Hello, I just want to know if I am going about this the right way.
A and B are outcomes of a random experiment in a sample space \Omega such that \Omega = A\cupB. P(A) = 0.8 and P(B) = 0.5 Study if A and B, A and B^{c}, A^{c} and B, and A^{c} and B^{c} are independent outcomes. Also, evaluate P(A\cupB^{c}) etc.

Homework Equations

The Attempt at a Solution

For the first three, I have used the same reasoning. I shall give an example of A and B^{c}.
Since \Omega = A\cupB then A\cupB^{c}=A
Now, let x = P(A\cupB^{c})=P(A)+P(B^{c})-P(A\capB^{c})

Now if A and B^{c} are independent, then their intersection is the same as multiplying them together. So P(A\capB^{c}) = 0.8*0.5 = 0.4
This means that P(A\cupB^{c}) = 0.9 \neq P(A) = 0.8, so they are not independent.
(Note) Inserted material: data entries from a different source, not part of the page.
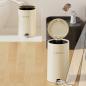 Preview: Muxing Mülleimer Haushalts-Mülleimer Toiletten-Mülleimer Tretmülleimer Mülleimer mit Deckel ideal für Bad, Küche oder Büro Beige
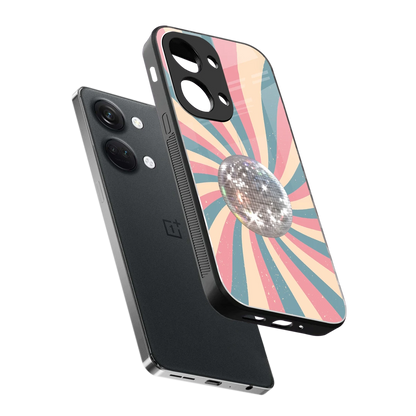 Trippy Disco sleek oneplus nord 3 cover with tempered glass back and TPU edges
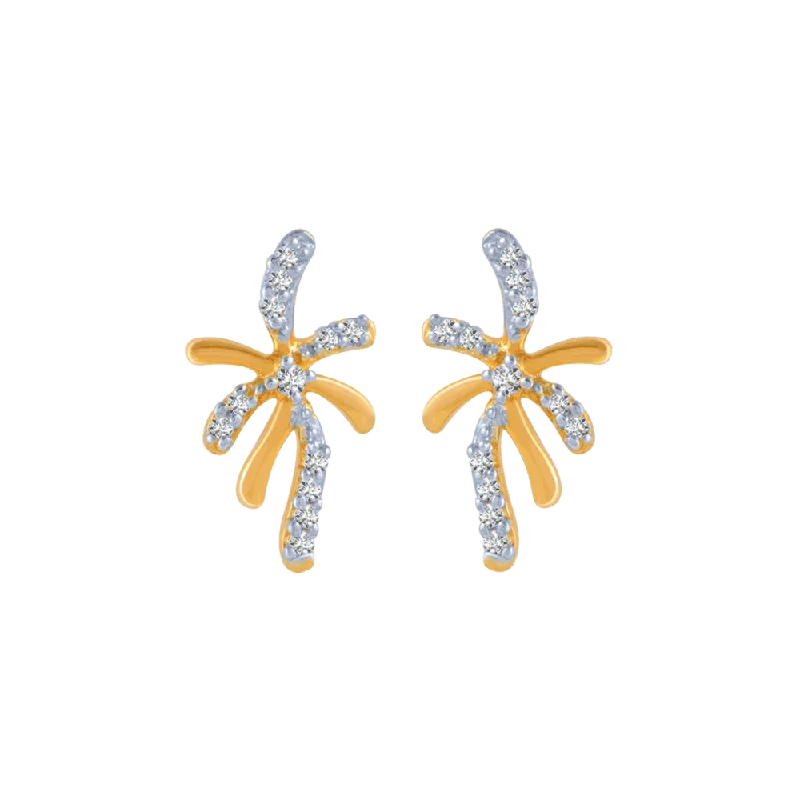 Women’s statement diamond earrings-14KT (585) Yellow Gold And Diamond Stud Earrings For Women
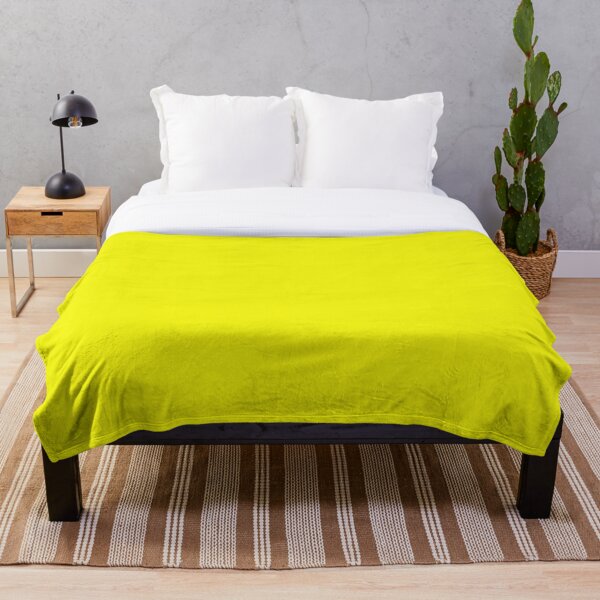 Just Yellow Throw Blanket - Pure Yellow Bedspread Throw Blanket
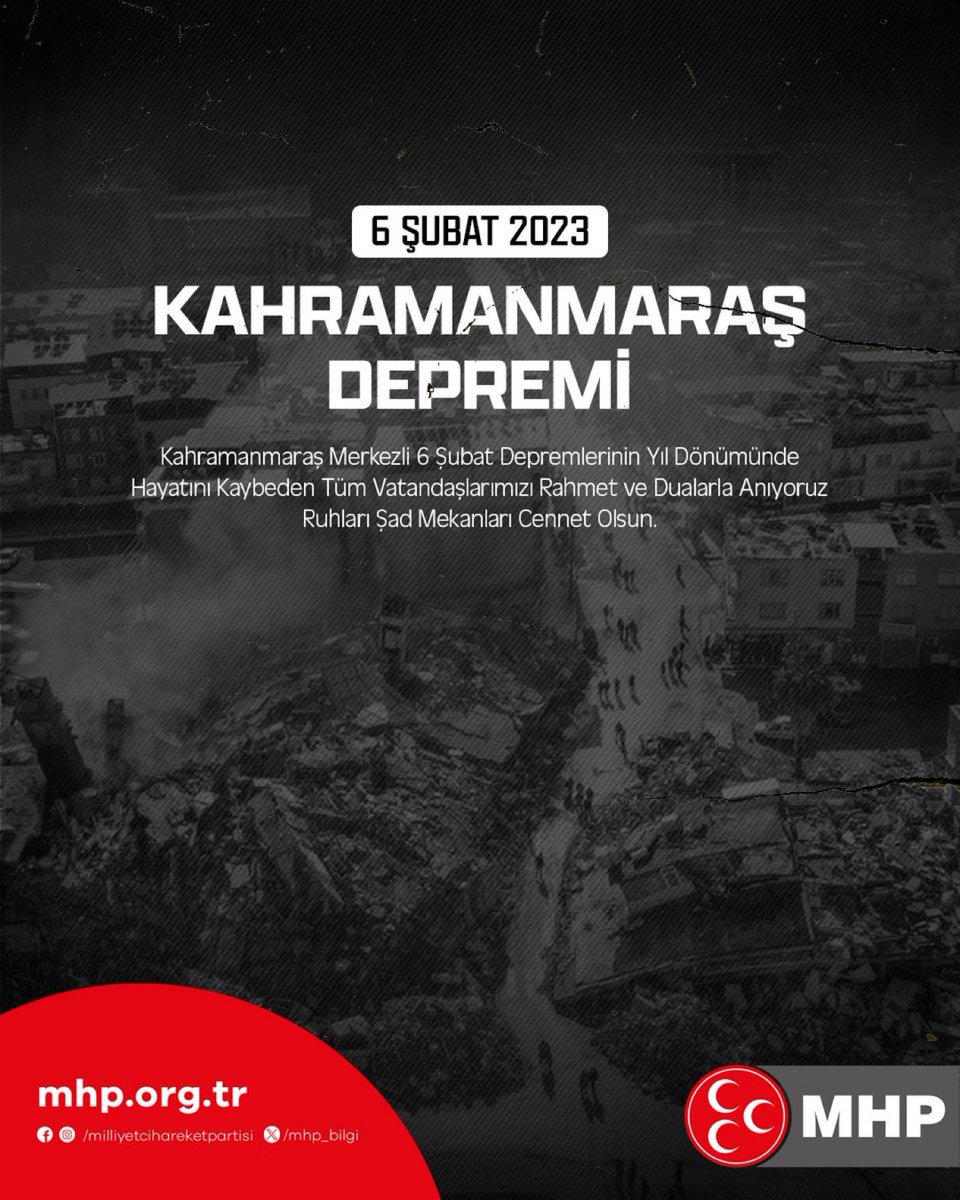 Kahramanmaraş merkezli 6 Şubat depremlerinin yıl dönümünde hayatını kaybeden tüm vatandaşlarımızı rahmet ve dualarla anıyoruz. Ruhları şad, mekanları cennet olsun.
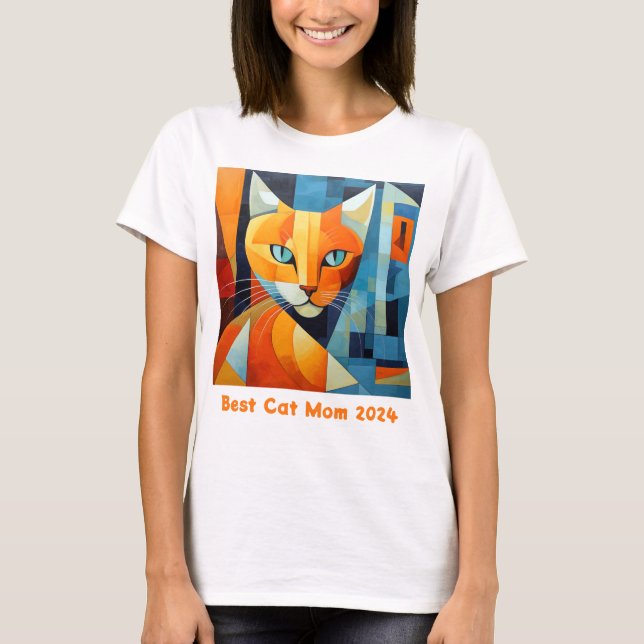 Camiseta Bigodes Abstratos: Melhor Mãe de Gato (Frente)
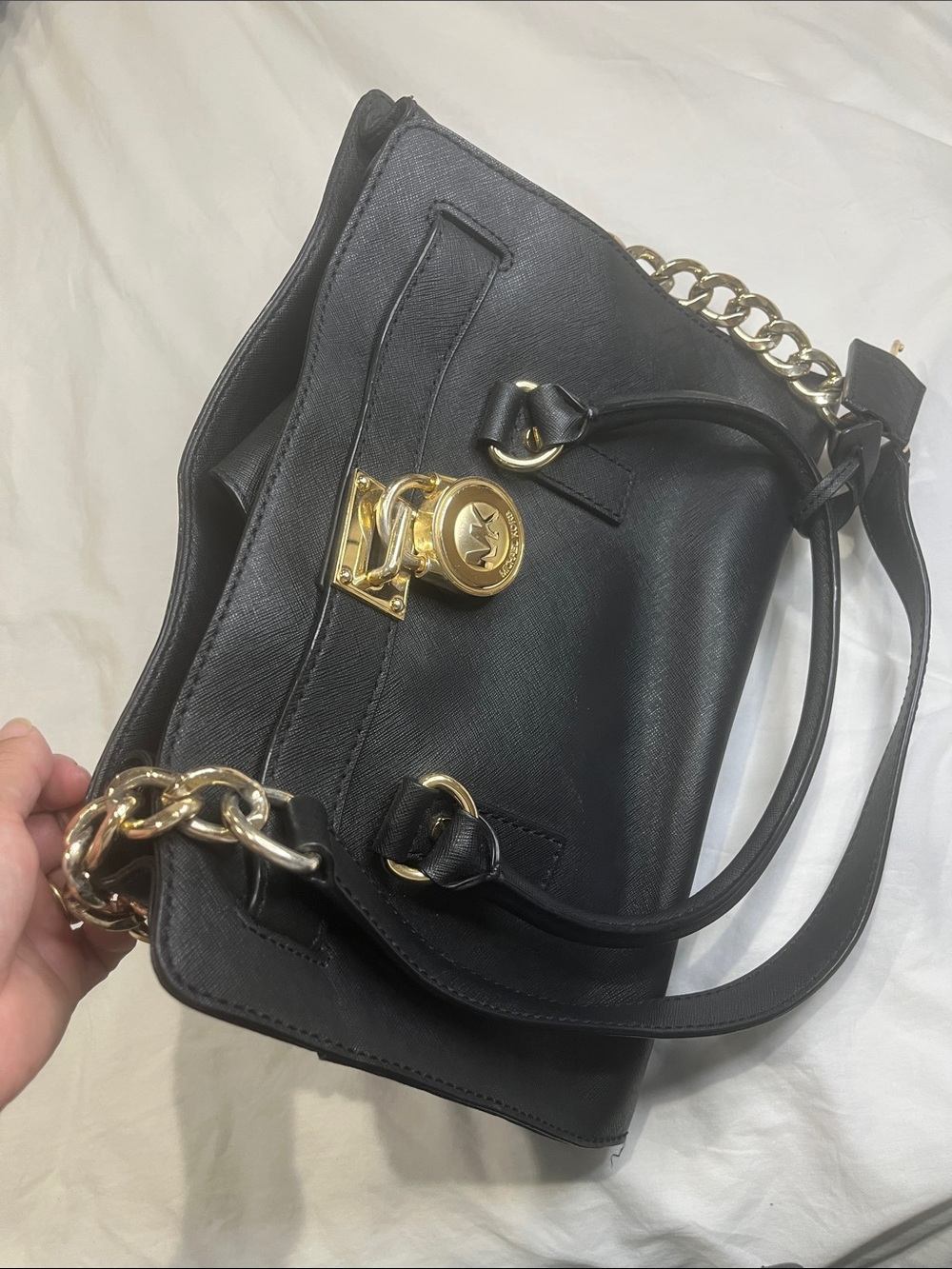 Michael Kors Black Leather Satchel with Gold Chain Hardware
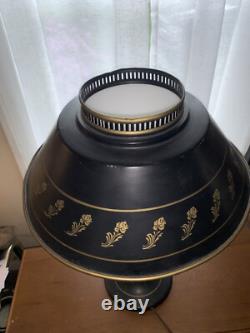 Vintage TOLE 20 Black & Gold Metal Table Desk LAMP Shade & Glass Diffuser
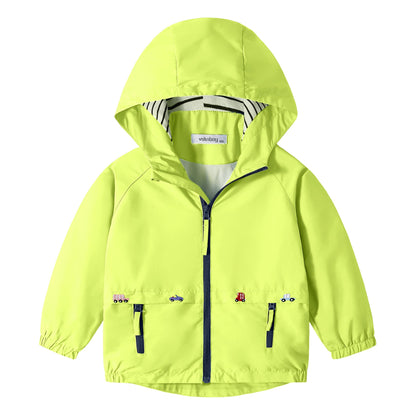 Volunboy Baby Hooded Jackets, Boys Long Sleeve Windproof Coat Cartoon Print Jackets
However I am having difficulty applying this reasoning (if correct!) to the final one. And then the evaluation part seems too easy, as I have already said in this working out what they are equal to.

Thanks.

 

[jbunniii]

P(A^c \cap B^c) = 1 - P(A \cup B) = 0

whereas

P(A^c)P(B^c) = (0.2)(0.5) \neq 0

so A^c and B^c are not independent.

 

[jbunniii]

As for the other questions, I calculated

P(A \cup B) = P(A) + P(B) - P(A \cap B)

so

1 = 0.8 + 0.5 - P(A \cap B)

which means that

P(A \cap B) = 0.3

Now use

P(A) = P(A \cap B) + P(A \cap B^c)

to establish that

P(A \cap B^c) = 0.5

which disagrees with your calculation.

[Edit] Oh wait, I see what you did. Yes, I think your way is OK, too.

If you use my calculation, you would observe that

P(A)P(B^c) = (0.8)(0.5) = 0.4

which does not equal P(A \cap B^c), so A and B^c are not independent.

You can then calculate

P(A \cup B^c) = P(A) + P(B^c) - P(A \cap B^c) = 0.8